A última hora de la tarde, muchos autocares grandes ya han iniciado el regreso, por lo que la carretera suele parecer más tranquila que durante las horas de mayor afluencia de excursiones. Esto puede hacer más agradable la observación y la fotografía del bucle. Sin embargo, la Ma-2141 no queda completamente vacía: aún puede haber coches de alquiler, motocicletas y bicicletas, y la curva sigue siendo un espacio de tráfico activo. Por tanto, el mejor momento para la visita no depende únicamente de la afluencia, sino también de la propia seguridad y de la existencia de una posibilidad disponible y reglamentaria para detenerse.
¿Es adecuado visitar el Nus de sa Corbata con niños?
El Nus de sa Corbata se encuentra justo al lado de una sinuosa carretera de montaña con tráfico. La atracción está formada por la carretera, el puente y los muros de contención contiguos; al mismo tiempo, la Ma-2141 sigue siendo una vía de comunicación activa para coches, autocares, motocicletas y bicicletas. Las curvas cerradas y la visibilidad parcialmente limitada exigen especial atención. Solo puede realizarse una parada donde el vehículo quede por completo y conforme a las normas fuera de la calzada. Tampoco se debe entrar repentinamente en la carretera al desplazarse a pie.

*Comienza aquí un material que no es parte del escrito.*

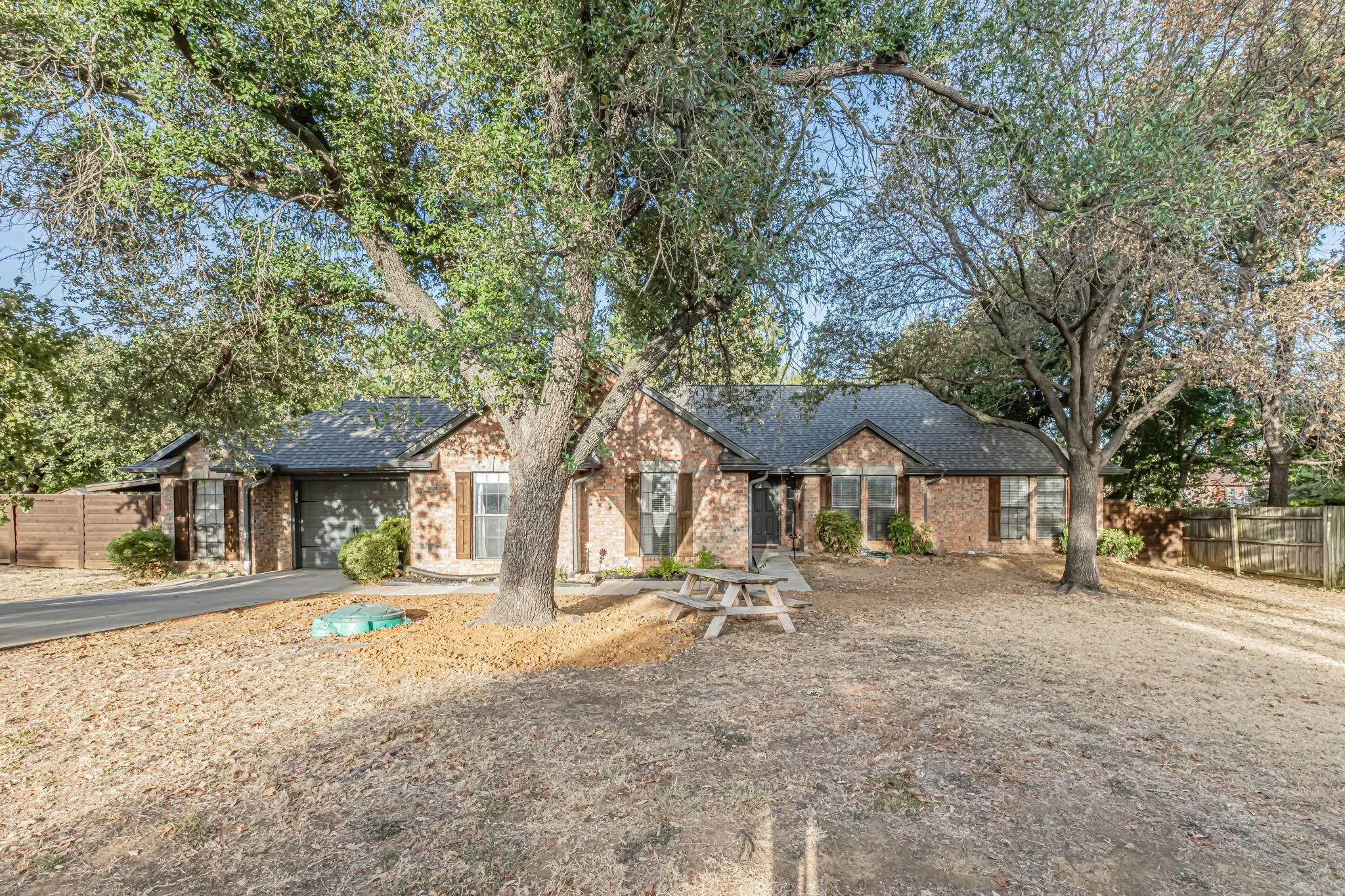 Single Family Residence For Sale in Denton County , 521 Meadowbrook Street, Lake Dallas, Texas 75065, 4 Bedroom, 2 Bathroom, 3 Garage spaces, 2,073 Sqft, built in 1996, mls#21389846, Real Estate Agent in Lake Dallas, Homes For Sale in Denton county, Homes For Sale in Lake Dallas, Realtor in Lake Dallas Texas, Real Estate Brokerage Independent Realty Texas, Luminita Cordes Realtor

¿Qué lugares cercanos pueden combinarse con la visita?
Las opciones más evidentes son Cala Tuent y Sa Calobra, con el acceso a Torrent de Pareis. Ambos destinos costeros se encuentran en la misma zona aislada de la Serra de Tramuntana y ayudan a entender por qué la Ma-2141 se percibe tan claramente como una carretera de excursiones. En la ruta de montaña también pueden incluirse como posibles paradas el monasterio de Lluc y el embalse de Gorg Blau. Sin embargo, debido a los largos y sinuosos trayectos, no conviene convertir la excursión en una lista demasiado apretada. Una ruta equilibrada combina el nudo de corbata con una cala costera o con un destino seleccionado de las tierras altas.
¿Qué se debe tener en cuenta al fotografiar el Nus de sa Corbata?
El motivo más representativo muestra, a ser posible de manera simultánea, la calzada superior, el arco de mampostería del puente y el paso inferior. No todos los bordes de la carretera ofrecen este ángulo, y una buena fotografía no justifica ni bloquear la calzada ni entrar en una curva con poca visibilidad. Primero deben comprobarse una posibilidad reglamentaria de estacionamiento, el tráfico existente y un lugar seguro desde el que observar. Un encuadre amplio muestra la integración en el relieve kárstico; con uno más cerrado destacan con mayor intensidad la geometría de 270 grados y los detalles de cantería del arco.